Dispositional Explanation for Obedience: Authoritarian Personality (AQA A-Level Psychology): Revision Notes
Dispositional Explanation for Obedience: Authoritarian Personality
What are dispositional explanations?
Dispositional explanations are internal explanations that focus on personality factors and individual characteristics that make someone more likely to obey authority. Rather than looking at situational factors, these explanations examine what's inside a person that drives their behaviour.
Dispositional explanations differ from situational explanations by focusing on what makes individuals inherently more or less likely to obey, rather than examining external environmental factors that might influence obedience.

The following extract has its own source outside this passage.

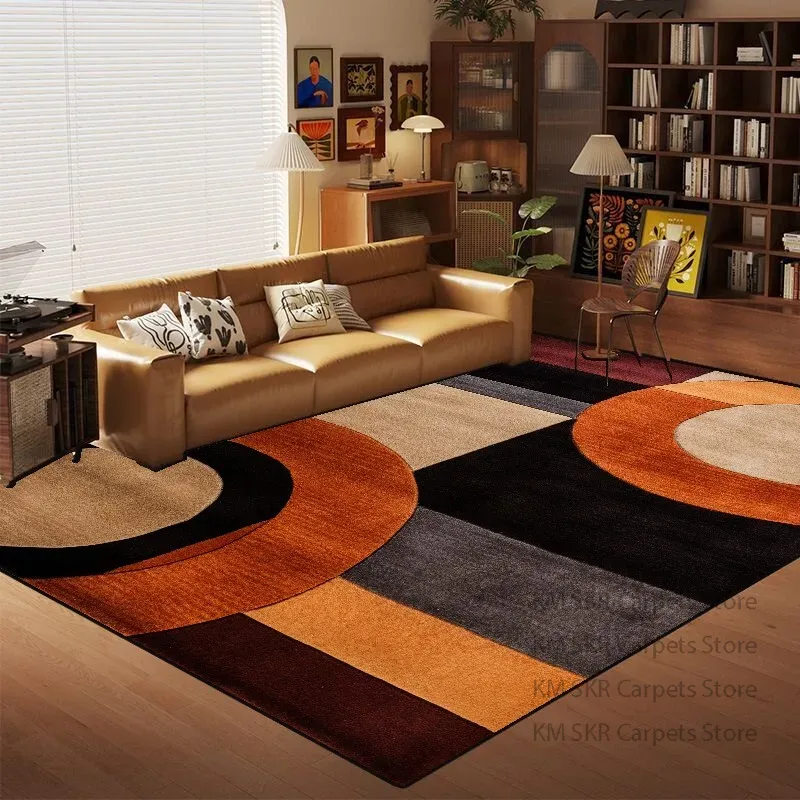 Nordic Multi Color Living Room - огляд і ціна Coffee Equipment At Home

The authoritarian personality
Psychologists, particularly Theodore Adorno, identified a specific personality type that makes individuals more prone to obedience. This became known as the authoritarian personality.
Key characteristics
People with an authoritarian personality demonstrate several distinct traits:
- Rigid submission to authority figures - They believe people should completely obey those in positions of power
- Suppression of personal beliefs - They set aside their own views in favour of authority
- Hierarchical thinking - They expect strict submission from those they perceive as lower in status
- Fixed cognitive style - They engage in black-and-white thinking with no room for grey areas
- Resistance to challenging stereotypes - Their rigid thinking prevents them from questioning established views
This personality type creates individuals who both submit to higher authority whilst expecting submission from those they view as beneath them in the social hierarchy.
The F-scale
Adorno developed the F-Scale (Fascism Scale) to measure authoritarian personality traits. This assessment tool uses a Likert-style scale where participants rate their agreement with various statements.
Example F-scale Statement:
"Respect for authority and parents are some of the most important values which a child can learn"

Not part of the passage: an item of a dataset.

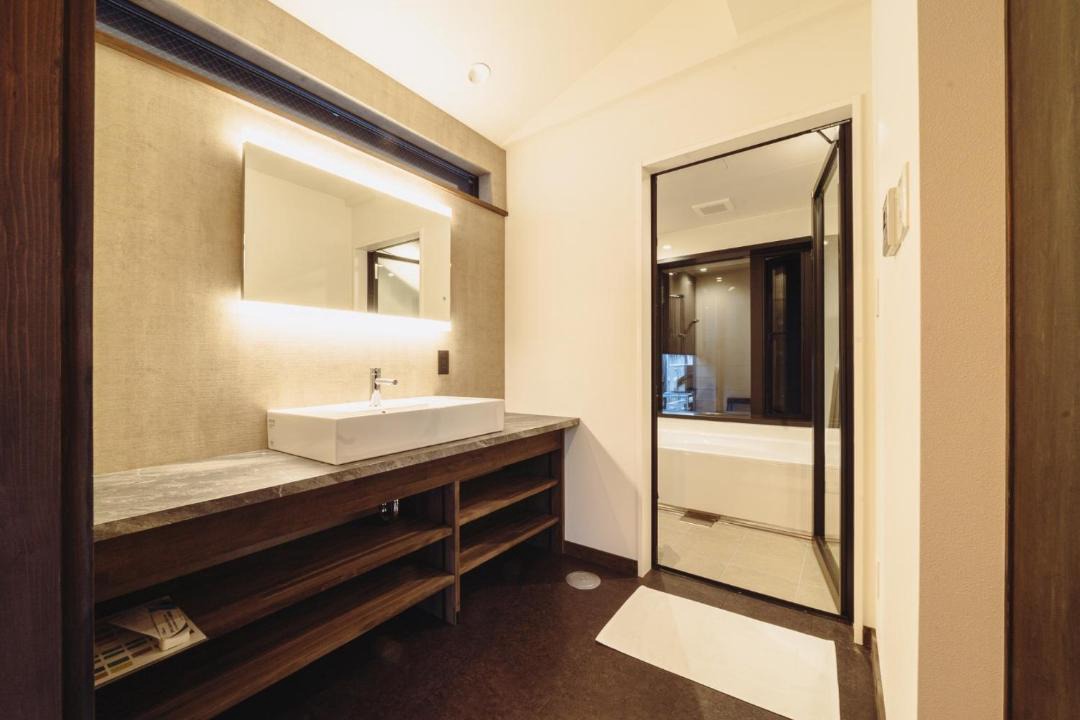 Photo of Bathroom in Hachinohe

Participants indicate how strongly they agree or disagree with such statements, allowing researchers to quantify authoritarian tendencies.
Adorno's psychodynamic theory
Adorno proposed that authoritarian personality develops through childhood experiences, following psychodynamic principles.
The developmental process
The development of authoritarian personality follows a clear pattern rooted in early childhood experiences:
- Harsh parenting: Children who experience overly strict and disciplinarian parenting develop complex psychological responses.

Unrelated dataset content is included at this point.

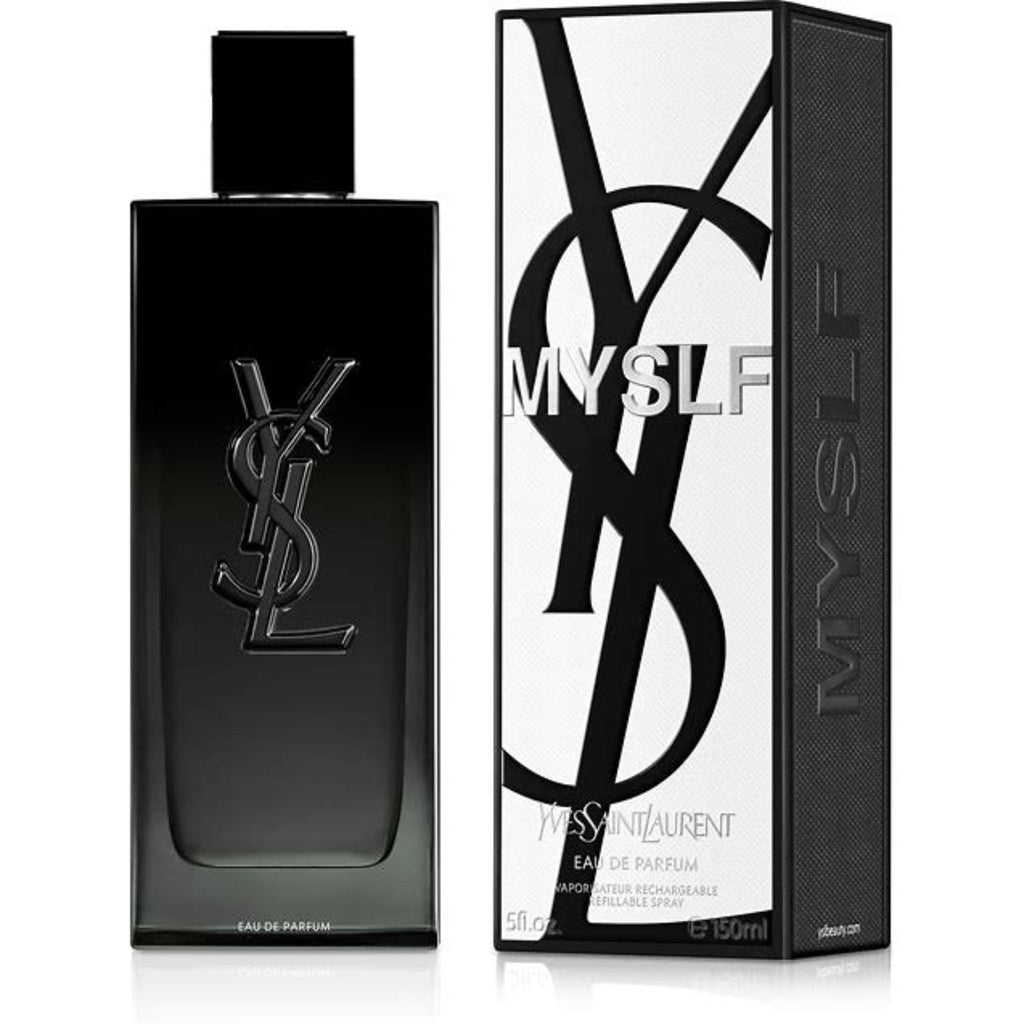 Yves Saint Laurent MYSLF 5.0oz Men EDP Spray — 1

- Displaced anger: On a conscious level, children appear to worship their strict parents, but unconsciously, they harbour fear and resentment towards them.
- Scapegoating: Unable to express anger towards their powerful parents, children learn to displace this anger onto seemingly 'inferior' others who appear weak and unable to defend themselves.
- Reaction formation: The process where unconscious negative feelings are transformed into conscious positive ones, explaining why these children appear to idolise harsh authority figures.
This childhood pattern establishes a lifelong tendency to target displaced anger at minority groups whilst submitting to authority figures.
Evaluation
Methodological issues with the F-scale
Acquiescence bias presents a significant problem with Adorno's measurement tool. Greenberg identified that the F-Scale is particularly vulnerable to this bias, where participants tend to respond in the same way regardless of the actual content of the statements.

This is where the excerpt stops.